### Task requirements:
A faithful transcript of every entry is required; pictures do not belong in it.

Pictures with short captions
══════

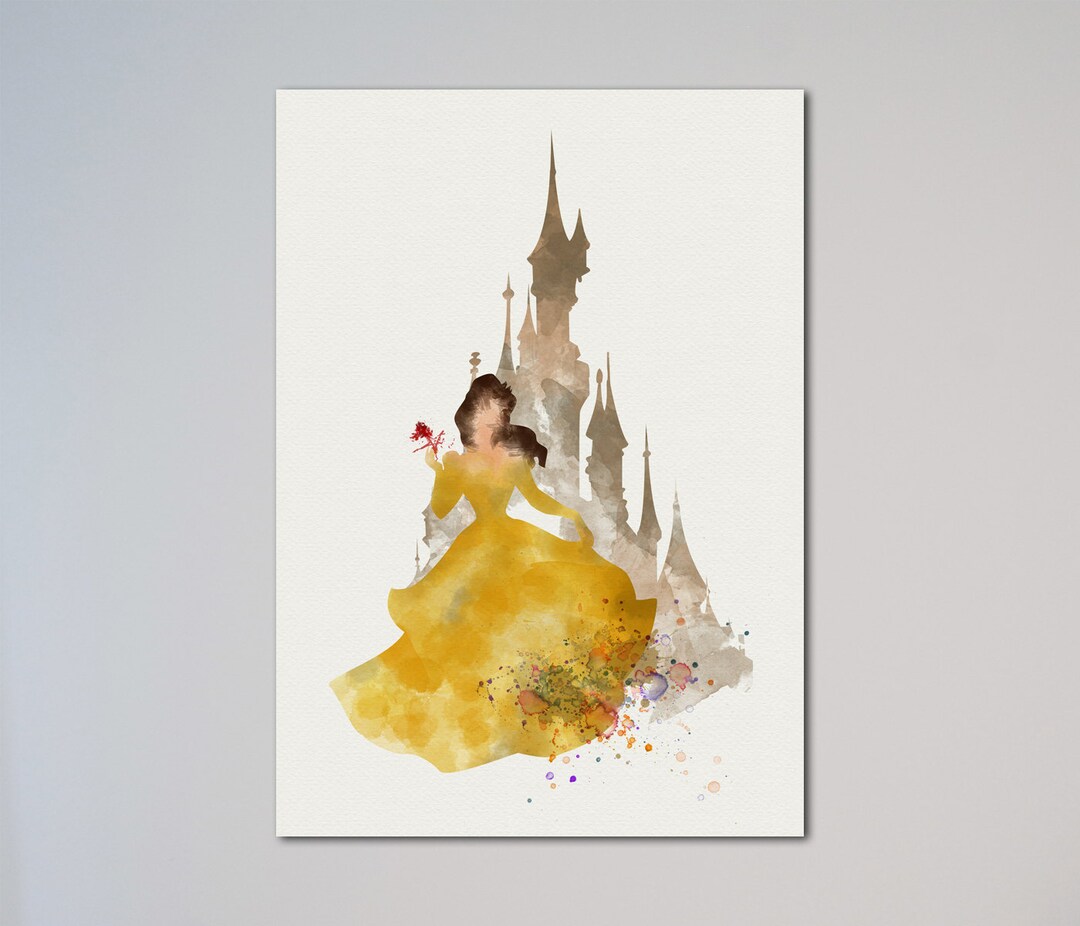 Belle Castle Watercolor Print Beauty and the Beast Poster Nursery Wall ...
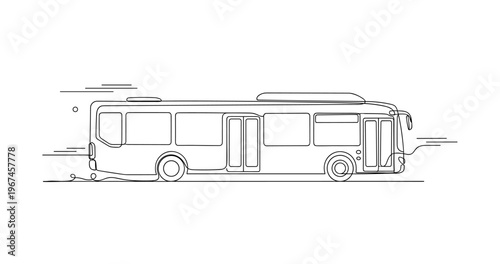 City transit bus traveling along suburban main road. No editable stroke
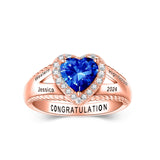 Oseew 2027 10K Class Ring High School College Graduation (Rose Gold)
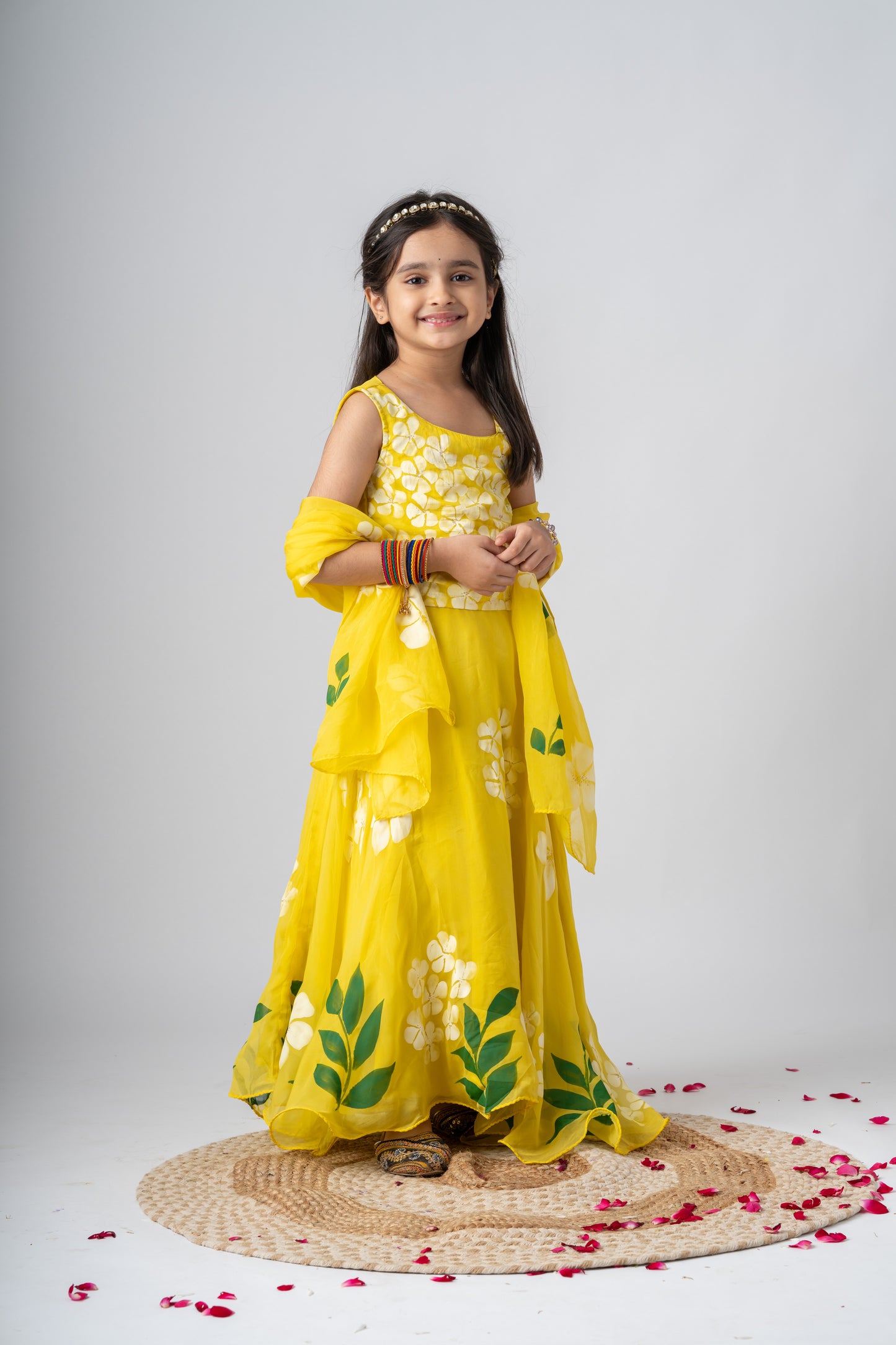 Girls Pure Organza Handpainted Lehenga Choli Set with Dupatta- Sunlit Blossoms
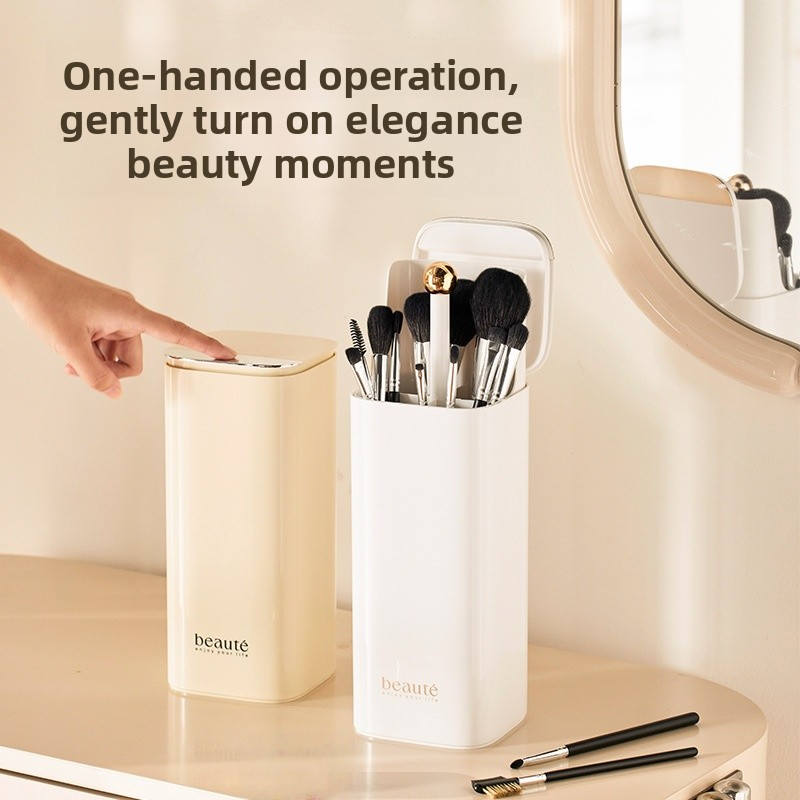Auto-Rising Makeup Brush Holder – Touch-Control Cosmetic Organizer With Dust-Proof Lid & 12 Slots (Modern Vanity Storage, White/Black/Cream)_voghion.com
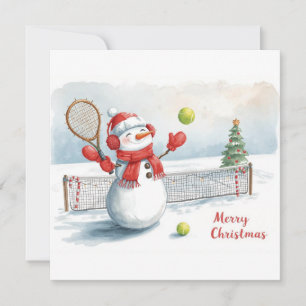 Snowman play tennis Christmas watercolor      Holiday Card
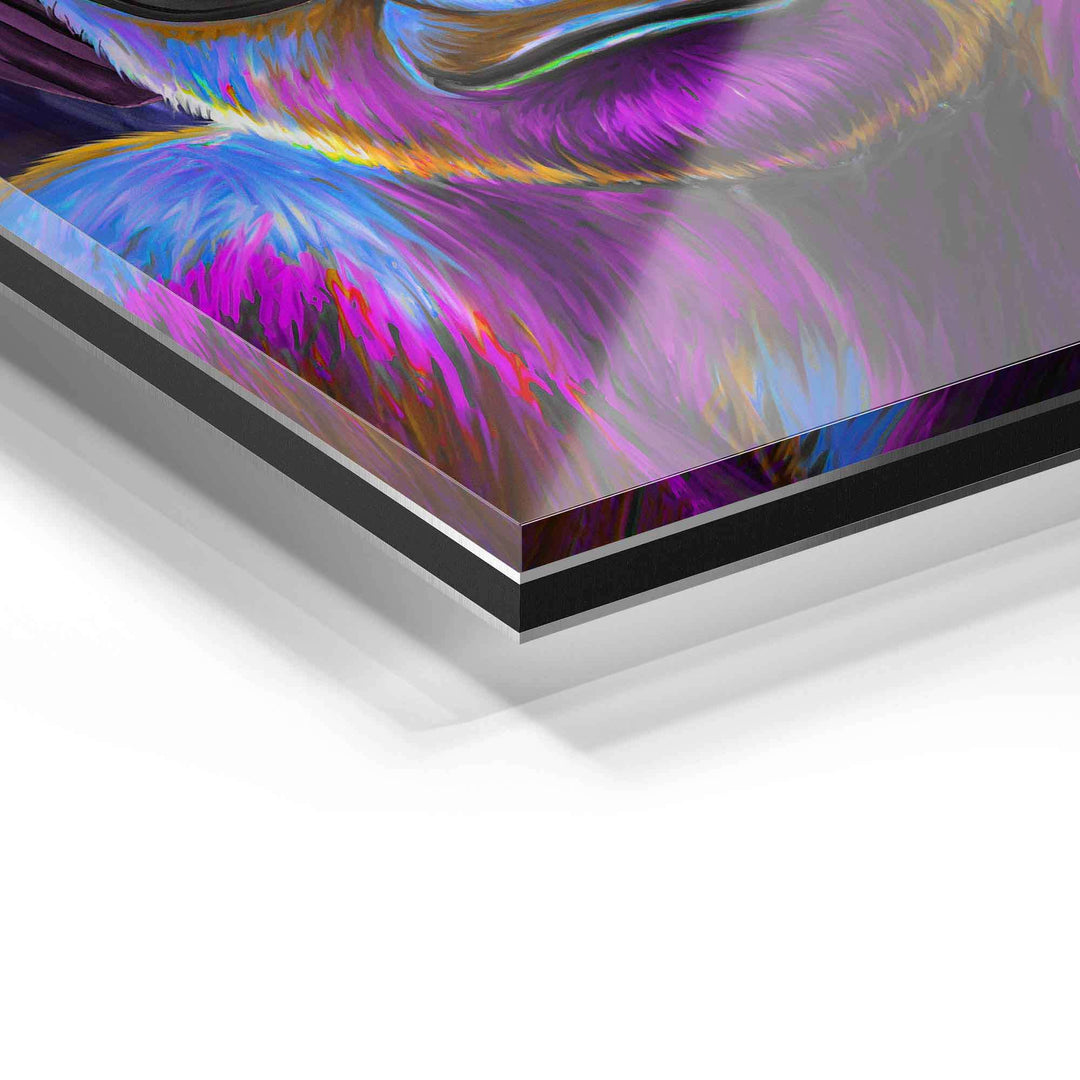 Detailansicht Acrylglas Wandbild mit buntem Gorilla Motiv, Pop Art Stil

══════

### Solution to this task:
 Belle Castle Watercolor Print Beauty and the Beast Poster Nursery Wall ...
 City transit bus traveling along suburban main road. No editable stroke
 Oseew 2027 10K Class Ring High School College Graduation (Rose Gold)
 Girls Pure Organza Handpainted Lehenga Choli Set with Dupatta- Sunlit Blossoms
Auto-Rising Makeup Brush Holder – Touch-Control Cosmetic Organizer With Dust-Proof Lid & 12 Slots (Modern Vanity Storage, White/Black/Cream)_voghion.com
 Snowman play tennis Christmas watercolor      Holiday Card
 Detailansicht Acrylglas Wandbild mit buntem Gorilla Motiv, Pop Art Stil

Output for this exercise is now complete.